Short text fragments from websites:
____

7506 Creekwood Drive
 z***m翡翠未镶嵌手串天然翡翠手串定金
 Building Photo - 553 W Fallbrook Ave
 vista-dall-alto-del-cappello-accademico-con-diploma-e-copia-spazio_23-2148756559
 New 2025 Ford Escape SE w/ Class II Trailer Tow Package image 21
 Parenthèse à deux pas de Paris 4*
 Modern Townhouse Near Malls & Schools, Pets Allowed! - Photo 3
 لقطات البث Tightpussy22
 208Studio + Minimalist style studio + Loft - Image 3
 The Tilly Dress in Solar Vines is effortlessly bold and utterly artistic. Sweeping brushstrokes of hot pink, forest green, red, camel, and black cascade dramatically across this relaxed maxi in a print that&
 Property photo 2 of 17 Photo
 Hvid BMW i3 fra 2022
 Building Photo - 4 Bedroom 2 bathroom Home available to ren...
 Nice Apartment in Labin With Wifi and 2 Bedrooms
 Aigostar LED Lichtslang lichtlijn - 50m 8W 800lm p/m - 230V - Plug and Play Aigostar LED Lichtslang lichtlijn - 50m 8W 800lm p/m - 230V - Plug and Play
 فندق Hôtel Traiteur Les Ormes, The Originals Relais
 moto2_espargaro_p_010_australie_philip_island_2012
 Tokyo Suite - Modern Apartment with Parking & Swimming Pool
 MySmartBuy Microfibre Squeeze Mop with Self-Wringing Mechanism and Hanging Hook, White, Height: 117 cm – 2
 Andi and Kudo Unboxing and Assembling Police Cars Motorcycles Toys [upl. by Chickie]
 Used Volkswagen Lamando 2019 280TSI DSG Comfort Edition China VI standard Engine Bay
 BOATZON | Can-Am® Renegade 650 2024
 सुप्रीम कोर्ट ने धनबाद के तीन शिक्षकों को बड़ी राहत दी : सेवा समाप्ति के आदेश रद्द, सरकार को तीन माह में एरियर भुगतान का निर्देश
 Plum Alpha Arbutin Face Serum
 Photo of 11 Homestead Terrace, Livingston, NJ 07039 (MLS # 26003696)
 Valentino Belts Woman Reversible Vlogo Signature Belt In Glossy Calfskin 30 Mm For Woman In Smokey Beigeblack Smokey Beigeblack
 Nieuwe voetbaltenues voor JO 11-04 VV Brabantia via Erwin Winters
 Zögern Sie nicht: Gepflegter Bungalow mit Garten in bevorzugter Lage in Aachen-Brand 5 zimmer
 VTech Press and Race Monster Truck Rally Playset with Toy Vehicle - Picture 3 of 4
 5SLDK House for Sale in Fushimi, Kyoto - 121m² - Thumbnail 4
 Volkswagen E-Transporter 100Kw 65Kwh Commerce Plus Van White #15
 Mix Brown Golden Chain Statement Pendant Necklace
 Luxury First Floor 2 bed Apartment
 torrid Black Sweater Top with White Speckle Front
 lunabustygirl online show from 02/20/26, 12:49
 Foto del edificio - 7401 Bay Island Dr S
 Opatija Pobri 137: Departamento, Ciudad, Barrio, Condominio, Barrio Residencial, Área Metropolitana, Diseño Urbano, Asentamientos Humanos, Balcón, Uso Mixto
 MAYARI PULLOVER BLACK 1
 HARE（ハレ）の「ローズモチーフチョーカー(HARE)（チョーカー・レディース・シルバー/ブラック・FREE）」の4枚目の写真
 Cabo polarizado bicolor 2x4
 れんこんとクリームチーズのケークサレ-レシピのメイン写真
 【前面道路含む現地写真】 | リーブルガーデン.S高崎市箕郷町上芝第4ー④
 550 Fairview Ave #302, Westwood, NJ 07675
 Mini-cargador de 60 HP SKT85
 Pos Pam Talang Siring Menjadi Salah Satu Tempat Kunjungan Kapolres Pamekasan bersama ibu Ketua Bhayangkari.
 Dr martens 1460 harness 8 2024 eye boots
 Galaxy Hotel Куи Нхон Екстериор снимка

____

Above are the lines; repeat exactly the ones from the line containing "Balcón, Uso Mixto" down to the line containing "れんこんとクリームチーズのケークサレ-レシピのメイン写真", both inclusive.

# [Result of the task]
 Opatija Pobri 137: Departamento, Ciudad, Barrio, Condominio, Barrio Residencial, Área Metropolitana, Diseño Urbano, Asentamientos Humanos, Balcón, Uso Mixto
 MAYARI PULLOVER BLACK 1
 HARE（ハレ）の「ローズモチーフチョーカー(HARE)（チョーカー・レディース・シルバー/ブラック・FREE）」の4枚目の写真
 Cabo polarizado bicolor 2x4
 れんこんとクリームチーズのケークサレ-レシピのメイン写真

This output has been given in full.